Re: [regression v4.11] 617f01211baf ("8139too: use napi_complete_done()")

From: Eric Dumazet
Date: Fri Apr 21 2017 - 13:41:04 EST


On Fri, 2017-04-21 at 06:29 -0700, Eric Dumazet wrote:

> Thanks for this report.
>
> Interesting to see how many drivers got the netpoll stuff wrong :/
>
> Can you try :
>
> diff --git a/drivers/net/ethernet/realtek/r8169.c b/drivers/net/ethernet/realtek/r8169.c
> index 81f18a8335276495a59fa93219c4607c2b8a47aa..74e4c72c331d5a6cc5b653970ef4133c8ddf9999 100644
> --- a/drivers/net/ethernet/realtek/r8169.c
> +++ b/drivers/net/ethernet/realtek/r8169.c
> @@ -7668,7 +7668,7 @@ static void rtl8169_netpoll(struct net_device *dev)
> {
> struct rtl8169_private *tp = netdev_priv(dev);
>
> - rtl8169_interrupt(tp->pci_dev->irq, dev);
> + napi_schedule(&tp->napi);

The problem is more likely that netconsole handling can call rtl_tx()
from hard irq context, while standard NAPI poll calls it from BH

Meaning that the following sequence triggers a lockdep warning.
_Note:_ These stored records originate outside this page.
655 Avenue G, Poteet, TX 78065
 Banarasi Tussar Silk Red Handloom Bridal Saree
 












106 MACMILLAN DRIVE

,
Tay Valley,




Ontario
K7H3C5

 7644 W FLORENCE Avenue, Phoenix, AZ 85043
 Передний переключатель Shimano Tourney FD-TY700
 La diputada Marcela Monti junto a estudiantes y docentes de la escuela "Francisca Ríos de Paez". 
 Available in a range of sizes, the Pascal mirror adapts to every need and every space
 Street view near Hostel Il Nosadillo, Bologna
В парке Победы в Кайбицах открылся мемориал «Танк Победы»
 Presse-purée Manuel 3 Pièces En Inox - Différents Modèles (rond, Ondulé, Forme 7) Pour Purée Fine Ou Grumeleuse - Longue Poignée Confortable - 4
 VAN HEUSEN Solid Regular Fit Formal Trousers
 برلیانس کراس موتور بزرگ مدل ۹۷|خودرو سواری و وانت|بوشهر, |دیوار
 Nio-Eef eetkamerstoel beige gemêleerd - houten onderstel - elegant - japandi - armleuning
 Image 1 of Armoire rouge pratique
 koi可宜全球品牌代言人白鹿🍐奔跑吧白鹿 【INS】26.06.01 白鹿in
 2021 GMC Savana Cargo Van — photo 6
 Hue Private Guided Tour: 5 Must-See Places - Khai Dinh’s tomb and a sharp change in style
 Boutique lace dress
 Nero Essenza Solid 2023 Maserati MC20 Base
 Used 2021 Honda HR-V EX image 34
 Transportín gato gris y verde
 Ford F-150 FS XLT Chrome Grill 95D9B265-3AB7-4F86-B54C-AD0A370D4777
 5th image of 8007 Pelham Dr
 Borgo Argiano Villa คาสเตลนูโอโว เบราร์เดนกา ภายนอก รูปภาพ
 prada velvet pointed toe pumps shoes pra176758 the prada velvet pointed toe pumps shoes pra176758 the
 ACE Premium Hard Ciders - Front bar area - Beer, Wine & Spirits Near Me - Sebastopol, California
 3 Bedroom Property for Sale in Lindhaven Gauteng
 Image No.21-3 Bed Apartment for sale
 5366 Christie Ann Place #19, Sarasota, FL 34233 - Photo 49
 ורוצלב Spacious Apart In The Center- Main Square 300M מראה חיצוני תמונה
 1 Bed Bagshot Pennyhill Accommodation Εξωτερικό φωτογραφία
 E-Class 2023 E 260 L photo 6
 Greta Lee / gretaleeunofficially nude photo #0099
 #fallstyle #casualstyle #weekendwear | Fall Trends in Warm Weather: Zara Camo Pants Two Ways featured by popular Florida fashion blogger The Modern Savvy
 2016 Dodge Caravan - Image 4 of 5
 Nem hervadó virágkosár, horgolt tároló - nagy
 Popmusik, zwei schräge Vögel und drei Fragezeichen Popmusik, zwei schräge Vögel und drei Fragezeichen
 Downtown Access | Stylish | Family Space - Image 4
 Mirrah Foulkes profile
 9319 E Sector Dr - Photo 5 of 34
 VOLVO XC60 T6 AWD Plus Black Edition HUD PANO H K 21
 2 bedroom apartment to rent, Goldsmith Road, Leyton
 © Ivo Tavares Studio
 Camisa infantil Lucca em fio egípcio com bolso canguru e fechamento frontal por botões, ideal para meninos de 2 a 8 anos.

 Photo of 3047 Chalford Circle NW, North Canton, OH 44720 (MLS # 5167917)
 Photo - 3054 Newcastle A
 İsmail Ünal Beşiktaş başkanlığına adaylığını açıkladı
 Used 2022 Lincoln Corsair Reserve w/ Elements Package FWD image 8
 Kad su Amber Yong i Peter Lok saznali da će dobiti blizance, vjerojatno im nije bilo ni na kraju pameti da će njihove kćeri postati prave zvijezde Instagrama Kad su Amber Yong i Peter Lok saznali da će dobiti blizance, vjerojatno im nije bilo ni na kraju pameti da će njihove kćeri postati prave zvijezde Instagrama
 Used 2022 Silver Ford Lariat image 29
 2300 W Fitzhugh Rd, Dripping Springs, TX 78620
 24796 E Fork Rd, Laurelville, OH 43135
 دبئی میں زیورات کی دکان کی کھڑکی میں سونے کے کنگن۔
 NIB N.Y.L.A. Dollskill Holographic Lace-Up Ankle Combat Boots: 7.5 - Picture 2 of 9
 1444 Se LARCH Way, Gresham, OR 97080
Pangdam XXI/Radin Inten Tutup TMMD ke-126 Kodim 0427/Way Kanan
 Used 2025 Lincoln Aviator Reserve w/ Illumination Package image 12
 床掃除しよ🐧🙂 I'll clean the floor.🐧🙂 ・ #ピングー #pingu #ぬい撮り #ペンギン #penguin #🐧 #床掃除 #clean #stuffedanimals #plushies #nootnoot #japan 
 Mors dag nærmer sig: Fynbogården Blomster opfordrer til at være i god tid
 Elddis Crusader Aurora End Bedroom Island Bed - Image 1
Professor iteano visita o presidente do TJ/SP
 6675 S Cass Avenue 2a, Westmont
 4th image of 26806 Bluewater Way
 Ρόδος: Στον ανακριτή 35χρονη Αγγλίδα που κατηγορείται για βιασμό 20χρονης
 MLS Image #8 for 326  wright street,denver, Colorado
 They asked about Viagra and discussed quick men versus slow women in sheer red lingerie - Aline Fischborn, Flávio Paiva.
u64_stats_update_begin(&tp->tx_stats.syncp);
tp->tx_stats.packets++;
tp->tx_stats.bytes += tx_skb->skb->len;
u64_stats_update_end(&tp->tx_stats.syncp);

Lockdep does not know that poll_napi() ( called from netpoll_poll_dev())
uses an cmpxchg() to make sure that there is no race.

I am not sure how we can teach lockdep to not splat in this case.